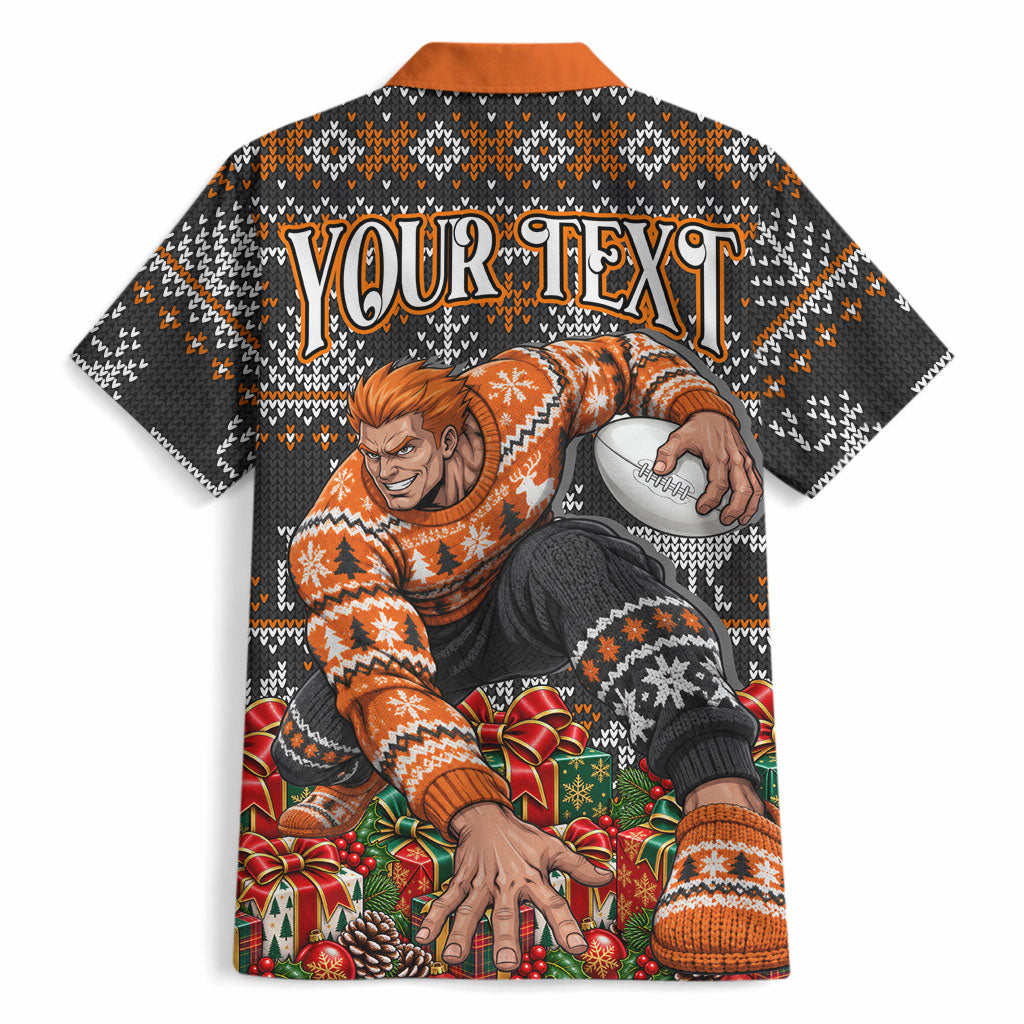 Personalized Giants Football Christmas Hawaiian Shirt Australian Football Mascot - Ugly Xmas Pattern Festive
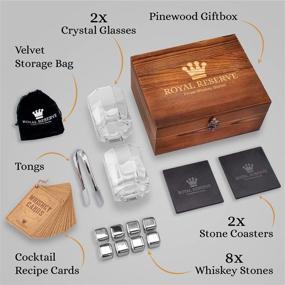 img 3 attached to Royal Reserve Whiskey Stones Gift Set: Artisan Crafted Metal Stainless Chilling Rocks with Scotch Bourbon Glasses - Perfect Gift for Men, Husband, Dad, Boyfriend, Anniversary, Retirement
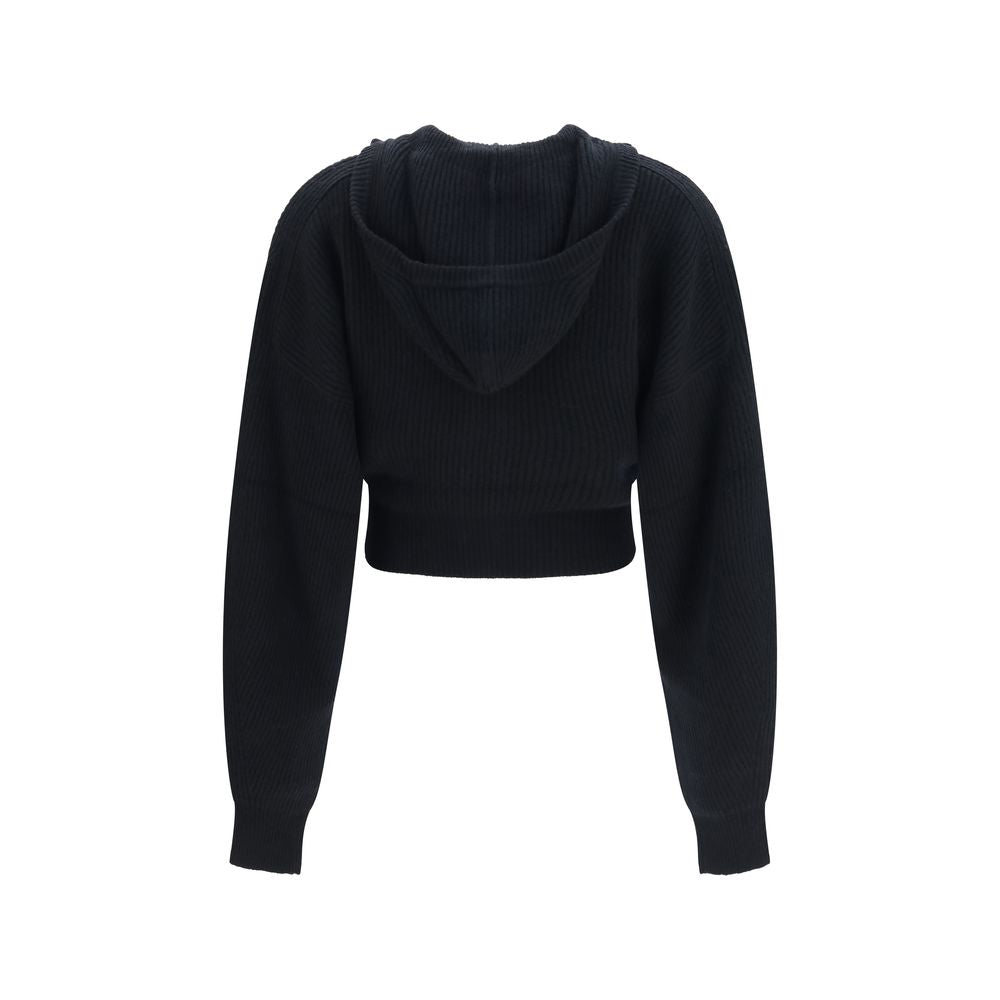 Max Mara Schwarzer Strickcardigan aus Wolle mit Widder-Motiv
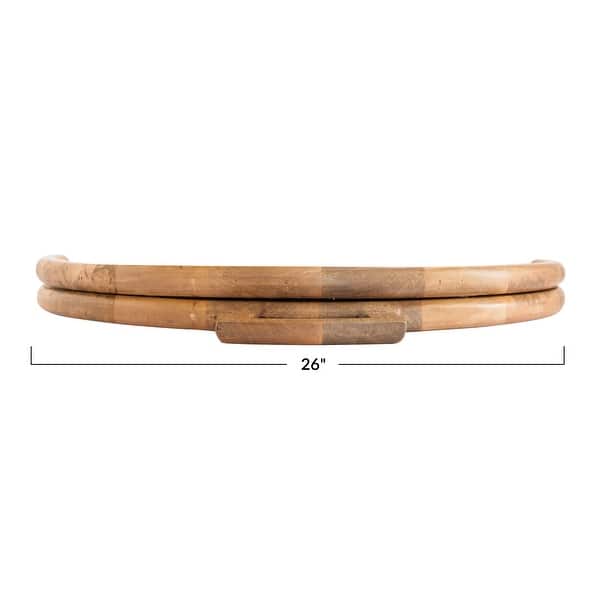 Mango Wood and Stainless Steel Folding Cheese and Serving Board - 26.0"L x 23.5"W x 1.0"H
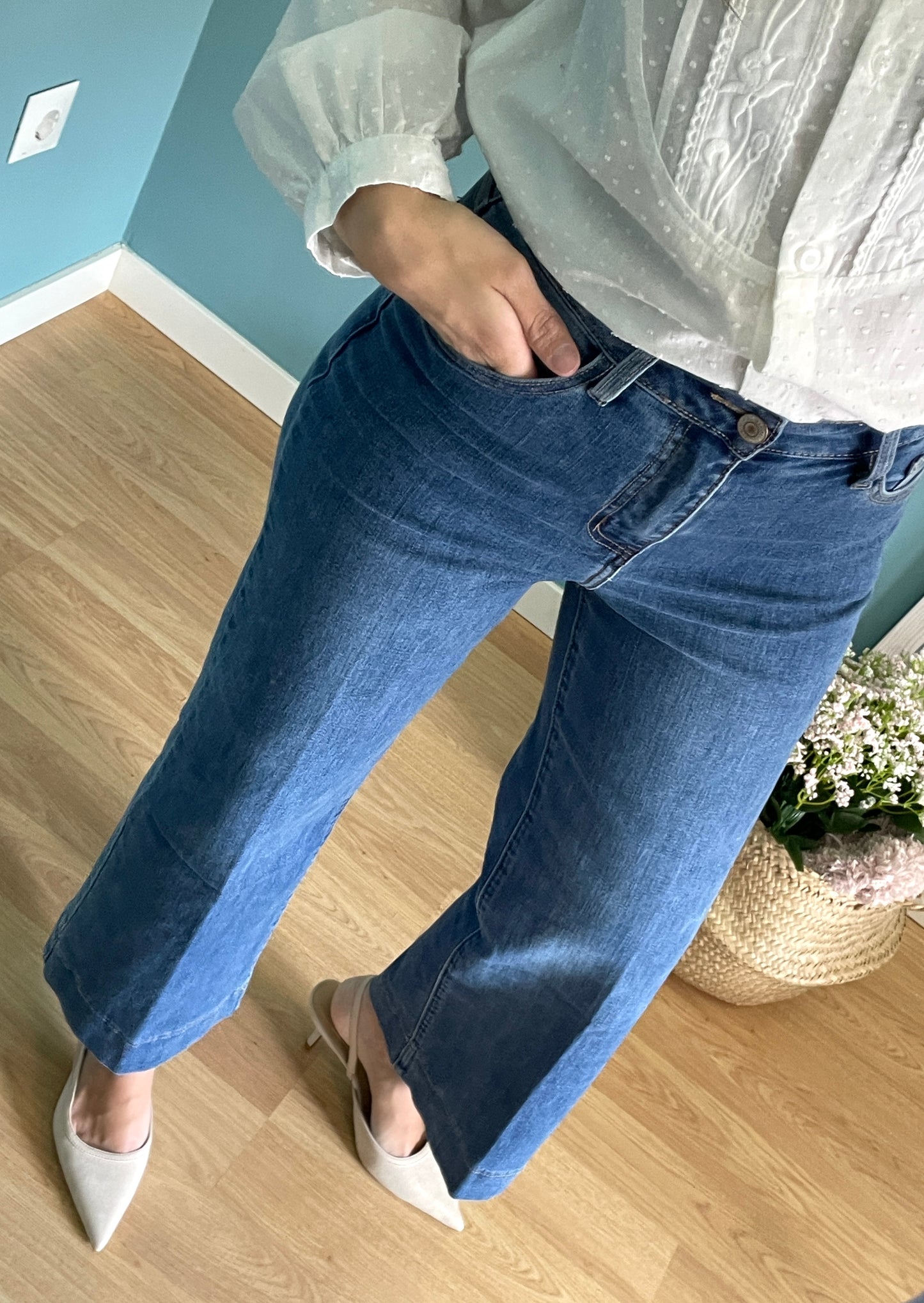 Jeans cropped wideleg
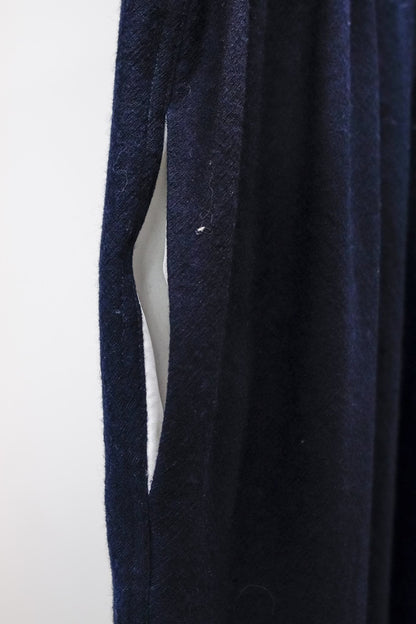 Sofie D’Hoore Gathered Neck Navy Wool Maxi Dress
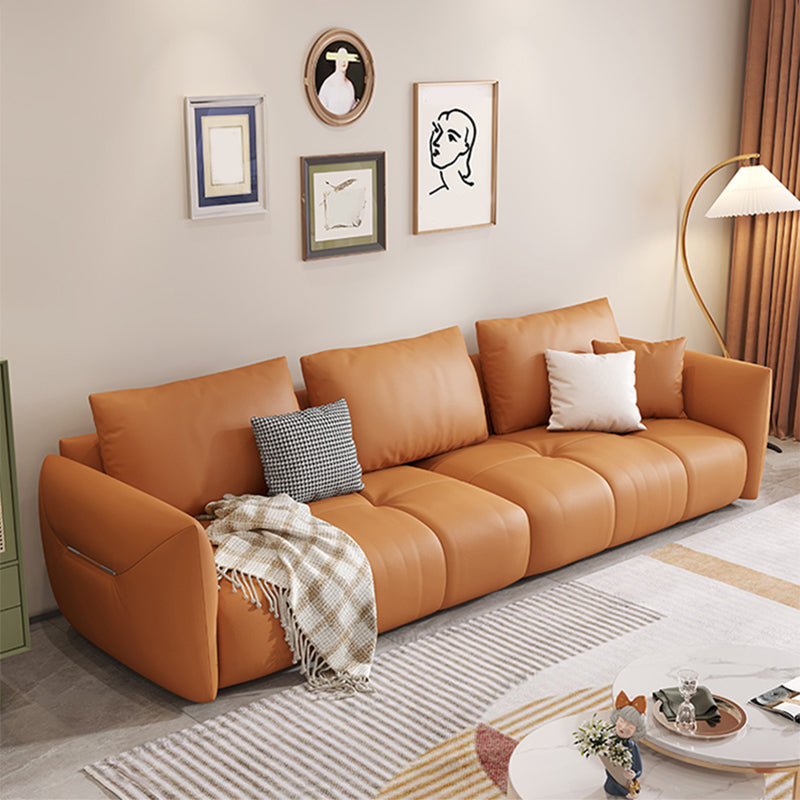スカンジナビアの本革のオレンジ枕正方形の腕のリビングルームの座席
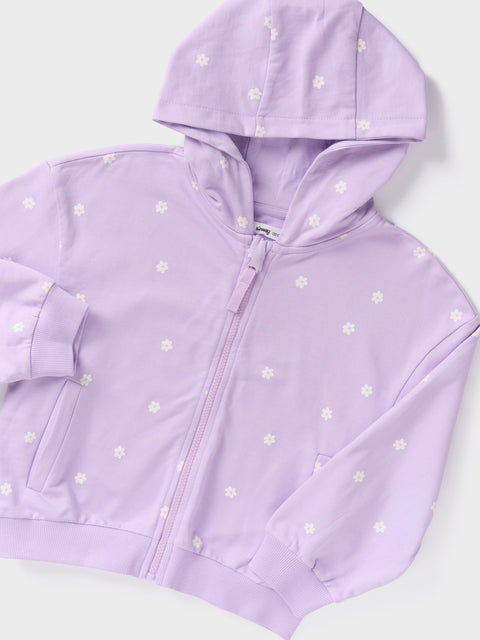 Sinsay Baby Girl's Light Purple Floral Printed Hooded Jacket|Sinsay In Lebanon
☆ ☆ ☆ ☆ ☆
**WORK TO COMPLETE**
Omit all pictures and write out, exactly, only the lines from the line containing "Max Mara Schwarzer" through the last line of the entries above.

**TASK ANSWER**
 Max Mara Schwarzer Strickcardigan aus Wolle mit Widder-Motiv
 Mango Wood and Stainless Steel Folding Cheese and Serving Board - 26.0"L x 23.5"W x 1.0"H
 Jeans cropped wideleg
 Sofie D’Hoore Gathered Neck Navy Wool Maxi Dress
スカンジナビアの本革のオレンジ枕正方形の腕のリビングルームの座席
 Sinsay Baby Girl's Light Purple Floral Printed Hooded Jacket|Sinsay In Lebanon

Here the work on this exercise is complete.